Collective and swarm intelligence can be found in all animal groups, even among insects, one of the most ancient animal types. Among humans it has existed since the first humans appeared on earth. Tribes of hunter-gatherers, ancient cultures, modern nations, and large corporations all act collectively with varying degrees of intelligence. New communication technologies now have enabled new forms of collective intelligence. Today the internet allows a huge number of people all over the world to work together on a single project. Wikipedia is the best example for such a distributed collaboration.
Followers in a social network can form a kind of hive mind, an emergent property of apparent sentience that arises from the behaviors of a group of individuals which share a certain interest. Such a group can react faster and may have deeper knowledge than any individual.
Advantages of the Collective
Increased vigilance and faster reaction
A collective can make faster and more accurate decisions through collective vigilance. A recent paper in PNAS shows that groups make faster and more accurate decisions the larger they are (presumably up to a limit).
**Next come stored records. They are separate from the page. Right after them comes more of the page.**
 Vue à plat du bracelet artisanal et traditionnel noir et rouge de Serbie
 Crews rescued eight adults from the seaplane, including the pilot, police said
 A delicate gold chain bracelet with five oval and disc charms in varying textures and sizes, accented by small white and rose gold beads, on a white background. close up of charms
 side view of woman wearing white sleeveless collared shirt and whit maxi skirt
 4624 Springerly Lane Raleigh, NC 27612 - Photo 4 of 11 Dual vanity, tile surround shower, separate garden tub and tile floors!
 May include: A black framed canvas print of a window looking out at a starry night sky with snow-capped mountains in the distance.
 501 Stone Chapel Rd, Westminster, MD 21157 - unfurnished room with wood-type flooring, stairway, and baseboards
The primary reason is that larger groups have "more eyes" than smaller groups. As long as information transmission through groups is not significantly delayed, larger is better.
More resources and deeper knowledge
A large group has access to more information, more resources and deeper knowledge, especially if the diversity of the group is high and there are a large number of different experts in the group. This advantage is used in crowdsourcing. Key factors for collective intelligence are diversity, independence, and decentralization.
- Ashley J.W. Ward et al., Fast and accurate decisions through collective vigilance in fish shoals, PNAS Vol. 108 No. 6 (2011) 2312-2315
- Iain D. Couzin, Collective cognition in animal groups, Trends Cogn Sci 13 (2009) 36–43.